BEGIN Records to use

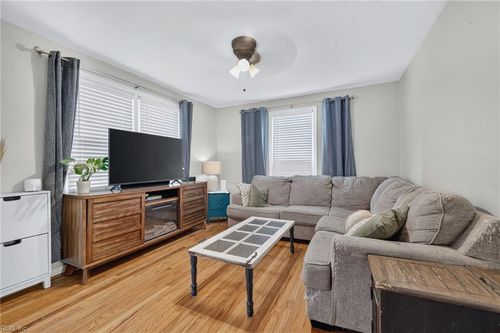 416 E Ocean Avenue, Norfolk, VA, 23503 | Card Image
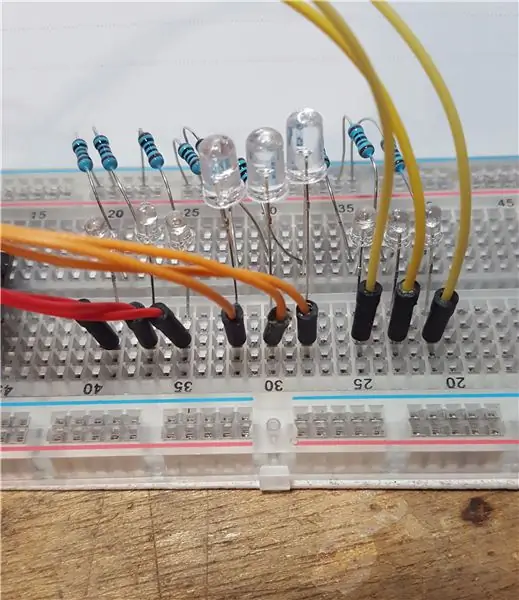 Alternando 3 bancos de LEDs com um interruptor e Visuino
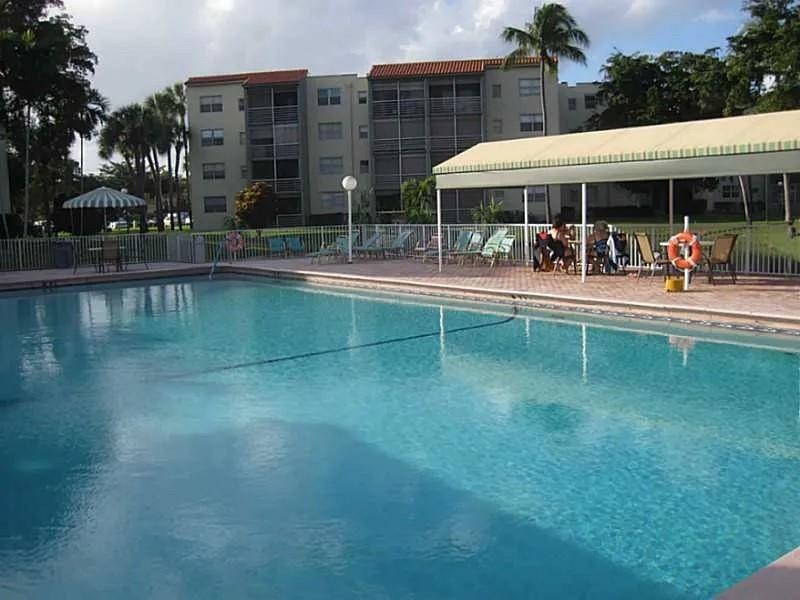 Homes for sale in North Lauderdale, FL | 1800 Sw 81st Ave #1304, North Lauderdale, FL 33068 | MLS# F10519383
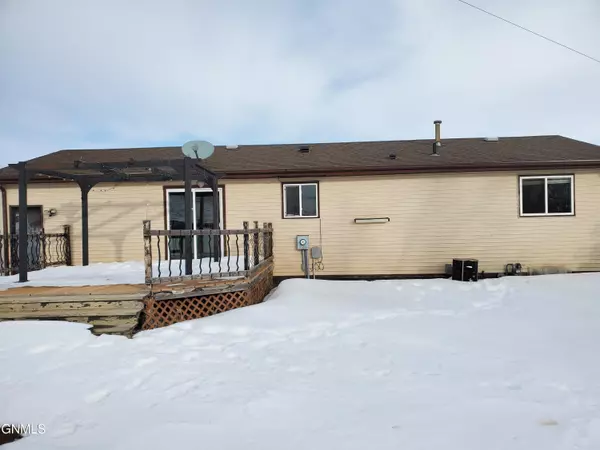 Belfield, ND 58622,306 3rd Ave Se AVE SE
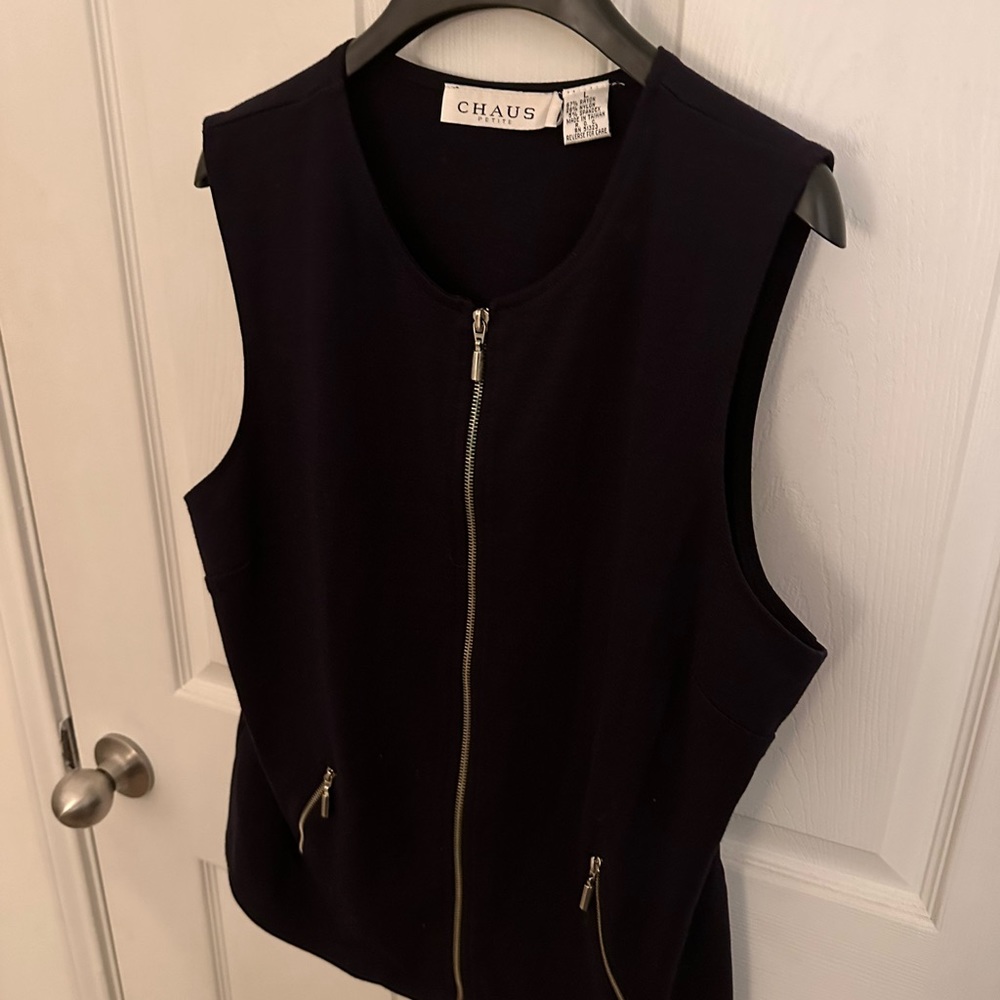 Chaus petite zip up vest/top blue large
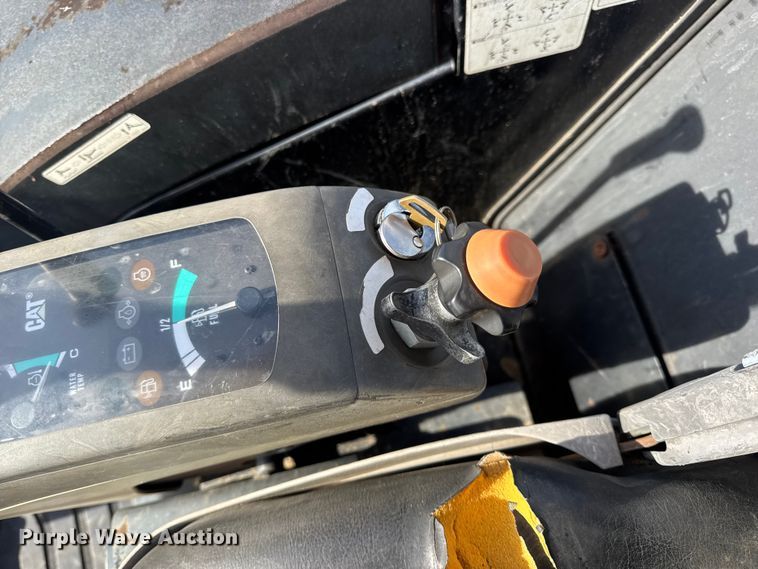 image for item EN0699 2002 Caterpillar 305 CR mini excavator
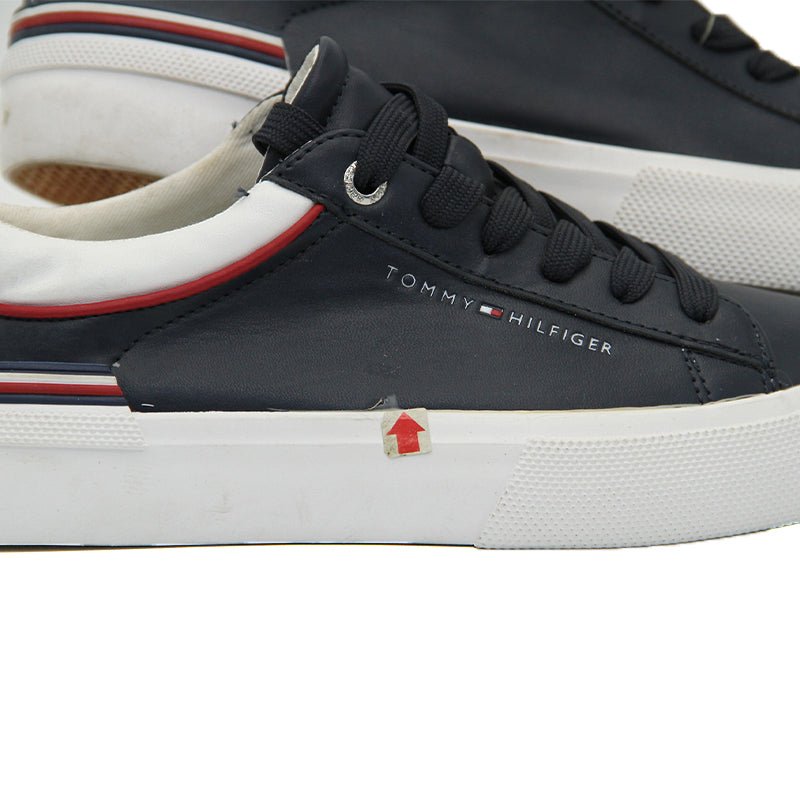 TOMMY WOMEN SHOES Size 36.5 ROW147 - Runner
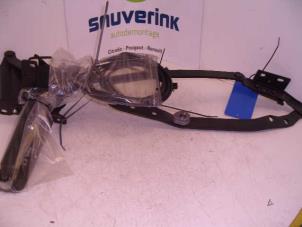 Used Convertible top hinge Peugeot 206 CC (2D) 2.0 16V Price € 140,00 Margin scheme offered by Snuverink Autodemontage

END Records to use

Your objective: Give the records again exactly, without pictures.

Response to this task:
 416 E Ocean Avenue, Norfolk, VA, 23503 | Card Image
 Alternando 3 bancos de LEDs com um interruptor e Visuino
 Homes for sale in North Lauderdale, FL | 1800 Sw 81st Ave #1304, North Lauderdale, FL 33068 | MLS# F10519383
 Belfield, ND 58622,306 3rd Ave Se AVE SE
 Chaus petite zip up vest/top blue large
 image for item EN0699 2002 Caterpillar 305 CR mini excavator
 TOMMY WOMEN SHOES Size 36.5 ROW147 - Runner
 Used Convertible top hinge Peugeot 206 CC (2D) 2.0 16V Price € 140,00 Margin scheme offered by Snuverink Autodemontage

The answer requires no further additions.